Open encryptio opened 8 years ago
I read about something like this on Gitlab:
http://docs.gitlab.com/ce/monitoring/health_check.html
This would be pretty cool. Do you think we need to use an access token like they do @encryptio?
Looks like Gitlab uses the health_check
gem which does extensive and expensive checks for the entire rails stack, including services that are not the process you're querying, or even rails processes at all (like memcached, mysql, and the smtp mail server.) Gitlab's kind of check would be very well suited to point an alerting system at (where you want a single configuration to send you downtime texts about), but NOT a load balancer readiness check.

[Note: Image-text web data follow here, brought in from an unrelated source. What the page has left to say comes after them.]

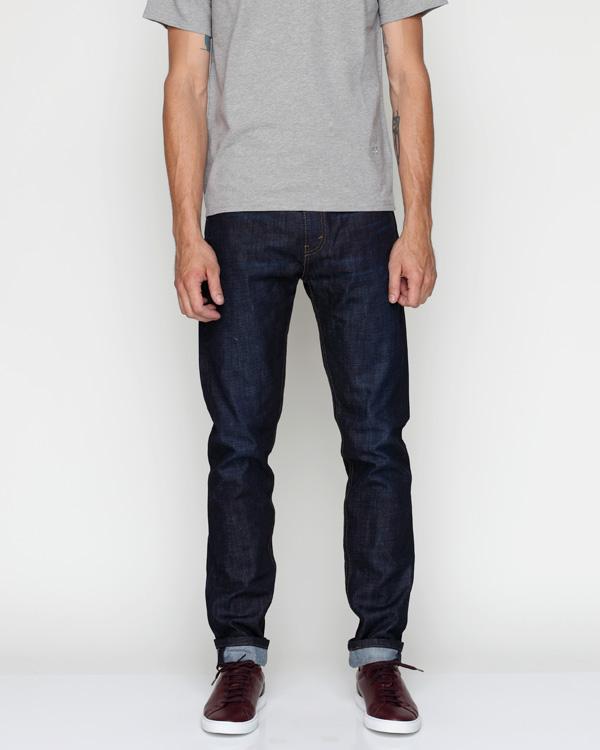 Levi's508 Slim Tapered Dry Smithson Denim 32x34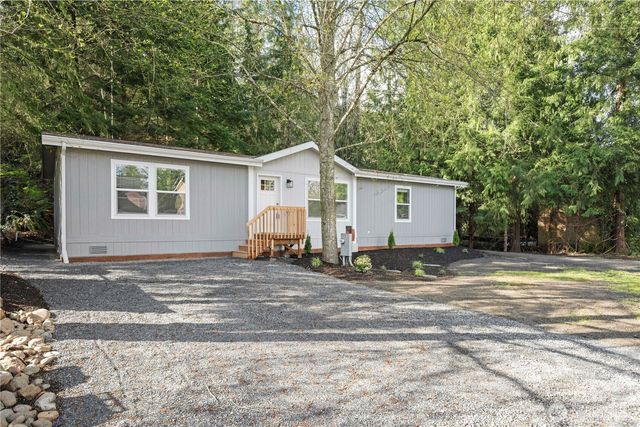 13016 Green Mountain Way, Granite Falls, WA 98252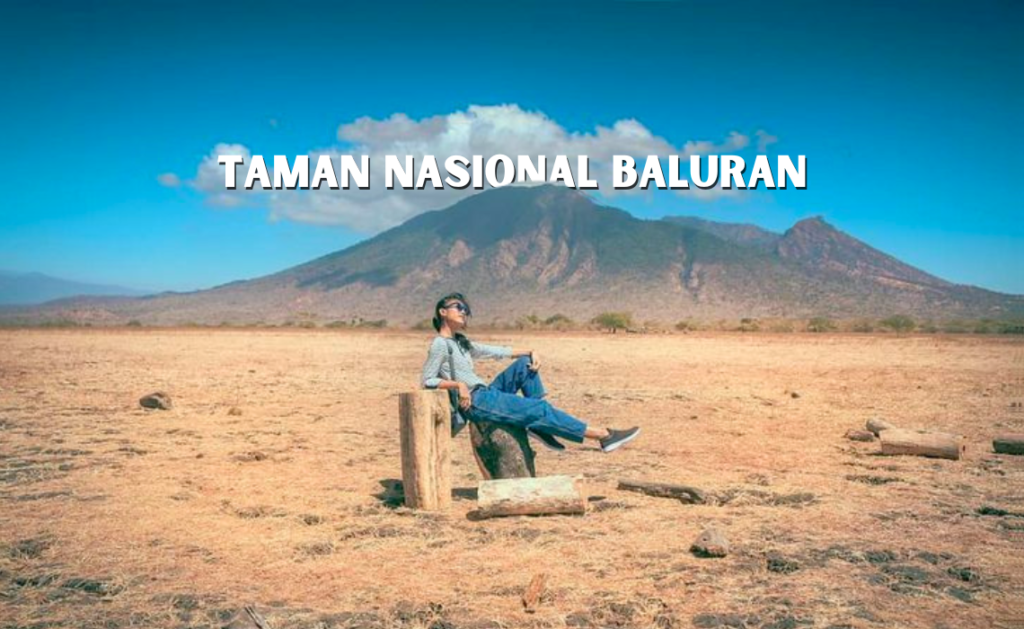 Taman Nasional Baluran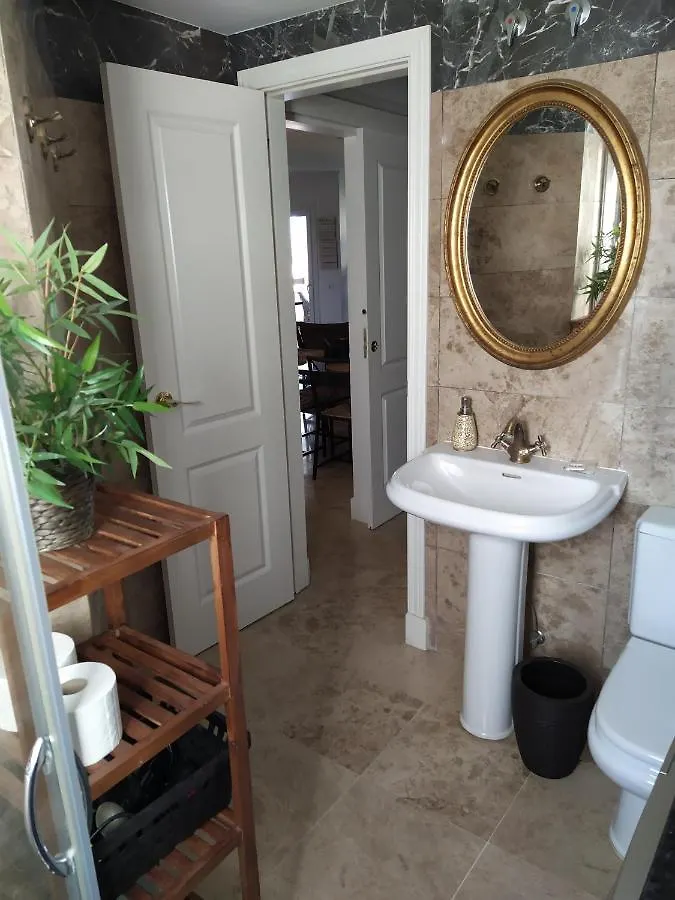 Reina Sofia 45 Apartment Estepona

Load balancer readiness checks can easily climb to 10 health check requests per second per target node on a large cluster. Google's CDN health checks and Fastly's health checks run multiple times per second per target node (because each load balancer edge does them independently.) (In the past I've also worked with systems that do this internally, totaling a thousand health checks per second cluster-wide for a single service.)
I was thinking of a much cheaper, non-recursive check, where you don't do any external IO. That ensures you scale well, at the cost of not catching as many failures as you could. It's probably fine to start with almost nothing (no really, just "return 200;" - even that checks the config options caused it to start up and stay up and the listening socket is alive, which is 90% of what you want to know about in Kubernetes.) You can add on little process-local flags that need to be true later on as you find things that are good reasons to say "this horizon process cannot serve useful traffic right now." Things like: "do I have an open changefeed open on my collection config", etc.
Also because it'd be a cheap check, no authorization would be needed.
I think the health_check
gem's full stack check approach is interesting and very, very useful if you're not doing your own alerting, but it's not what I intended with this issue.
I think the plugins branch has grown a proto-plugin for this.
This endpoint (say,
/horizon/healthy
) would return a 200 if the server is up and connected to rethinkdb, ready to serve user connections, and a 4XX/5XX response if it is not.This would make automated deployment and updates easier, both on bare metal (where haproxy or a hardware load balancer would check each node for health) and for infrastructure management tools like Kubernetes (where a readinessProbe/livenessProbe would check each pod, during updates and during continuous operation.)